Friday, 14 November 2008

Mandeville

Have you ever heard of Mandeville?

He's a semi- or entirely fictitious mediaeval English knight who did not go on a voyage across the world, though a mediaeval author wrote an evidentally fictional but professedly autobiographical narrative in which he does. It fits in the travel narrative conventions of its time, complete with a pilgrimage to Jerusalem, savage races and lavish sultanates, distant empires, fabulous beasts, mysterious islands, dangerous wastes, and, eventually, Paradise itself. If you've read The Voyage of the Dawn Treader, you would recognize some of the locations Mandeville visits. Any narrative about people who've sailed to marvelous lands reach back to narratives like Mandeville's and Marco Polo's (a rough contemporary).

Anyway, here is a sampling of the incredible things 'witnessed' by Mandeville on his travels:

"And he [the king of the isle Calonak] hath also into a 14,000 elephants or more that he maketh for to be brought up amongst his villians by all his towns. For in case that he had any war against any other king about him, then [he] maketh certain men of arms for to go up into the castles of tree made for the war, that craftily be set upon the elephants' backs, for to fight against their enemies. and so do other kings there-about. For the manner of war is not there as it is here or in other countries, ne the ordinance of war neither. And men clepe the elephants Warkes."
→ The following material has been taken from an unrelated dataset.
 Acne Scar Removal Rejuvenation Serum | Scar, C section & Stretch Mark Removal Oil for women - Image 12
"After that isle [of Tracoda] men go by the sea ocean, by many isles, unto an isle that is clept Nacumera, that is a great isle and good and fair. And it is in compass about, more than a thousand mile. And all the men and women of that isle have hounds' heads, and they be clept Cynocephales. And they be full reasonable and of good understanding, save that they worship an ox for their God. And also every one of them beareth an ox of gold or of silver in his forehead, in token that they love well their God. And they go all naked save a little clout, that they cover with their knees and members. They be great folk and well-fighting. And they have a great targe that covereth all the body, and a spear in their hand to fight with. And if they take any man in battle, anon they eat him."
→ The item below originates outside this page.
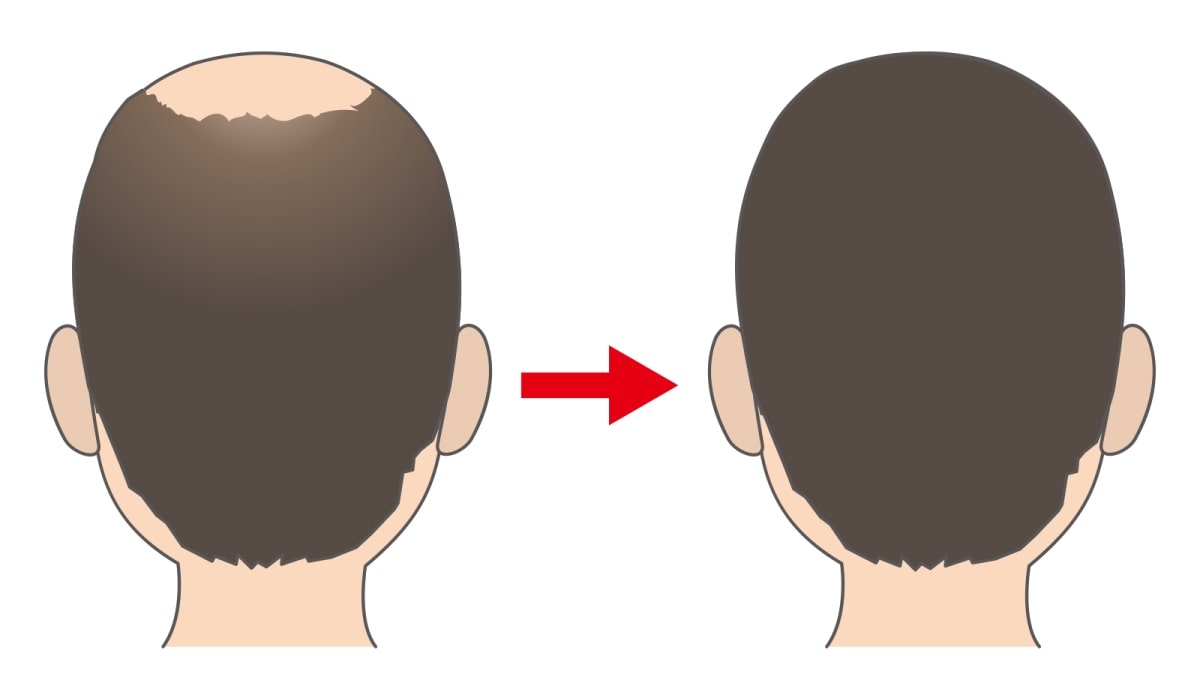 【AGA改善】ダーマローラーとミノキシジルの効果と副作用を徹底解説！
"In that country and others thereabout [that is, the island of Silha, which is filled with dangerous beasts called "cockodrills"] there be wild geese that have two heads. And there be lions, all white and as great as oxen, and many other diverse beasts and fowls also that be not seen amongst us."
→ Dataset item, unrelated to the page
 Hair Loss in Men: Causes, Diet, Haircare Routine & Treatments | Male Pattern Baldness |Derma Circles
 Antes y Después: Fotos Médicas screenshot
"In one of these isles be folk of great stature, as giants. And they be hideous for to look upon. and they have but one eye, and that is in the middle of the front. And they eat nothing but raw flesh and raw fish.
"And in another isle toward the south dwell folk of foul stature and of cursed kind that have no heads. And their eyen be in their shoulders."
"...
"And in another isle there be little folk, as dwarfs. And they be two so much as the pigmies. and they have no mouthl but instead of their mouth they have a little round hole, and when they shall eat or drink, they take through a pipe or a pen or such a thing, and suck it in, for they have no tongue; and therefore they speak not, but they make a manner of hissing as an adder doth, and they make signs one to another as monks do, by the which every of them understandeth other.
"And in another isle be folk that have great ears and long, that hang down to their knees.
"And in another isle be folk that have horses' feet. And they be strong and mighty, and swift runners; for they take wild beasts with running, and eat them.
"And in another isle be folk that so upon their hands and their feet as beasts. And they be all skinned and feathered, and they will leap as lightly into trees, and from tree to tree, as it were squirrels or apes.
"And in another isle be folk that be both man and woman, and they have kind of that one and of that other. And they have one pap on the one side, and on that other none. And they have members of generation of man and woman, and they use both when they list, once that one, and another time that other. And they get children, when they use the member of man; and they bear children, when they use the member of woman.
"And in another isle be folk that go always upon their knees full marvellously. And at every pace that they go, it seemeth that they would fall. And they have in every foot eight toes.
"Many other diverse folk of diverse natures be there in other isles about, of the which it were too long to tell, and therefore I pass over shortly."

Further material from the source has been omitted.